Black-browed albatrosses also occurred in similar numbers, but wandering albatrosses were considered easier to catch and so the banding programs focused on them.
Initially, it was thought to involve only two great albatross species – the wandering and royal albatrosses. The group’s aim was “to accumulate … as much information as possible concerning Diomedea exulans (aka the wandering albatross, white-winged albatross, snowy albatross or goonie) when at sea”.
Almost immediately, the group was publishing serious research papers in publications such as Emu and Notornis and also in popular magazines such as Walkabout. The group revealed the great diversity among albatross species and one is now even named after Doug Gibson himself: “Gibson’s Albatross (Diomedea gibsoni)”.
The local method for characterising the seemingly infinite variation in appearance of great albatrosses has proved instrumental in the recognition that there are multiple populations and thus laid the groundwork for international field identification.

Gibson’s Albatross (Diomedea gibsoni) commemorates John Douglas Gibson, the Thirroul amateur ornithologist who studied albatrosses off the Illawarra coast for more than thirty years. This one is seen flying over the Tasman sea off McCauley’s Beach. Photo: Supplied.
Lindsay Smith continued the great work of Sefton and Gibson and, in 2004, was awarded the Medal of the Order of Australia for services to wildlife preservation through the Southern Oceans Seabird Study Association and two years later, the Serventy Conservation Medal by the Wildlife Preservation Society of Australia for outstanding wildlife conservation work involving seabirds.
Together, these Illawarra individuals often fought long and hard throughout their lives and rarely tired of opposing those who wished to destroy all that is beautiful in the natural and built environments of Illawarra.

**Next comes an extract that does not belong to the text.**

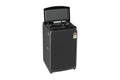 LG T80V4MB1S 8Kg Fully Automatic Top Load Washing Machine Middle Black - Top View (Lid Open)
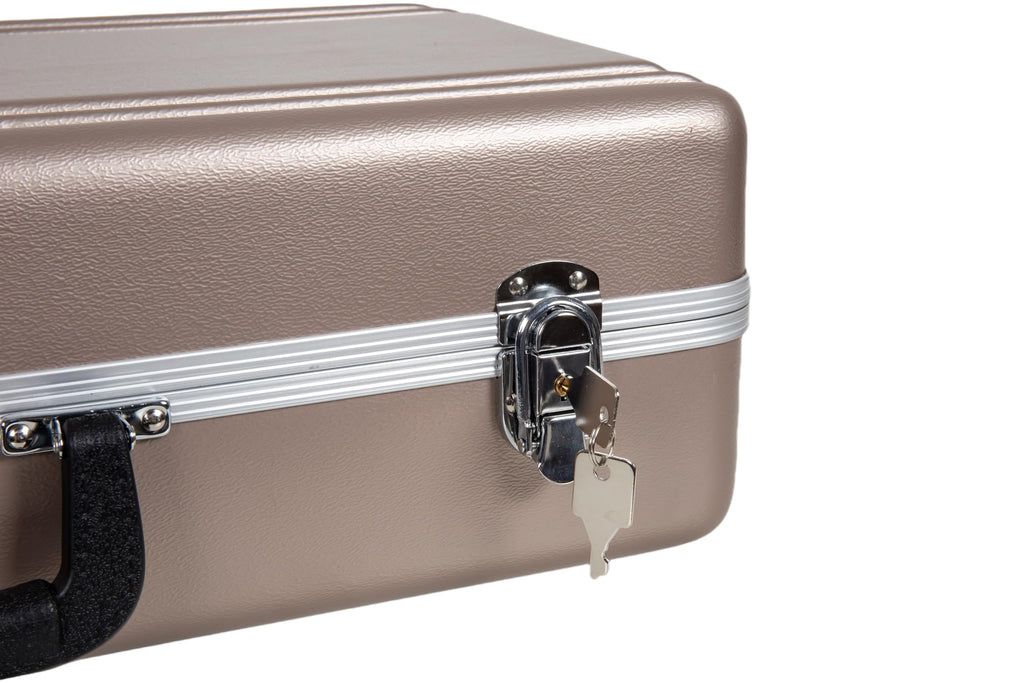 ABS Trumpet Case with Burgundy Velvet Interior S719252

You can observe the concern for all creatures by individuals like Alan Sefton while hearing him speak just after the silent start of a video available online, provided by the University of Wollongong and WIN TV.
The film demonstrates how much he cared and how widely Alan Sefton’s concern ranged – long before most realised just how great the impact of bushfires in urban Australia was likely to become.
Alan Sefton was also a pioneer of the fight to protect the koala population near Appin back in the 1970s and 1980s – something that, belatedly and only half-heartedly, is now a major concern.
The University of Wollongong holds an annual Alan Sefton Memorial Lecture to this day. And, unsurprisingly, with Sefton and Gibson in town, the Thirroul Public School’s four sporting houses were named Albatross, Gannet, Penguin, and Shearwater.